On the other hand, we know that there are trends and variables that play a role in how people respond to interventions and that many of these variables are culturally and ethnically dependent. We also know that members of different ethnic and racial groups might need special consideration for problems that are unique to those groups, such as the keloid formation that occurs among African Americans. The conundrum, therefore, is how to effectively use information about people for their own benefit and in a manner that respects patients as unique individuals.
Without data, we cannot know what health care views arise from biases or other questionable sources. With data, we can begin to understand likely trends among people from various ethnic and racial groups and how these trends might affect responses to disease and interventions. I emphasize the term "likely" becauseas with any data collected during researchclinical expertise is required to determine when and if the data can be applied to any given person. We are doubly lucky this month to see research that addresses how members of two ethnic groups respond to pathology and disability.

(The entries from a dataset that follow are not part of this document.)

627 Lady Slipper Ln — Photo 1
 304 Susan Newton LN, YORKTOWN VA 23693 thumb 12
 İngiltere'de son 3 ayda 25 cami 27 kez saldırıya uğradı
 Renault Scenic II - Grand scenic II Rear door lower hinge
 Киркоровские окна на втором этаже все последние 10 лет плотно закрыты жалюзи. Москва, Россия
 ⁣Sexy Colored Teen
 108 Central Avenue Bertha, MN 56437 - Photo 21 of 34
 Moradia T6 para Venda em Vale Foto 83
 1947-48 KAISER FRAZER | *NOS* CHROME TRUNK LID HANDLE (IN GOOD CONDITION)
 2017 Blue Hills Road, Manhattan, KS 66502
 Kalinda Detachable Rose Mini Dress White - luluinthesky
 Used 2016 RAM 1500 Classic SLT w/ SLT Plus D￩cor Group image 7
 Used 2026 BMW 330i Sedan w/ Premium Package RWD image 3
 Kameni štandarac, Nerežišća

Kirk-Sanchez examines activity limitations in Cuban Americans over the age of 50 years following hip fractures. In the abstract, she puts the issue into perspective by stating, "Cuban Americans over the age of 50 years, like people from a number of other cultures, have been exposed to distinctive social and psychological aspects of their culture that may affect their recovery from a major health event." This statement reminds us of our need to know more about how people respond to impairments, disabilities, and interventions and whether ethnicity is likely to be a meaningful variable.
In another article that addresses differences among ethnic groups, Kolobe focuses on early intervention programs and notes that the effect of parent education has not been thought to be consistent across a variety of groups. Most particularly, the effect of parent education seems to differ between some majority and minority populations. This difference may be important, because Kolobe reports that there appears to be "a link between aspects of the mothers' childrearing behaviors and their infants' cognitive developmental status," whereas other variables appear to be associated with motor development status.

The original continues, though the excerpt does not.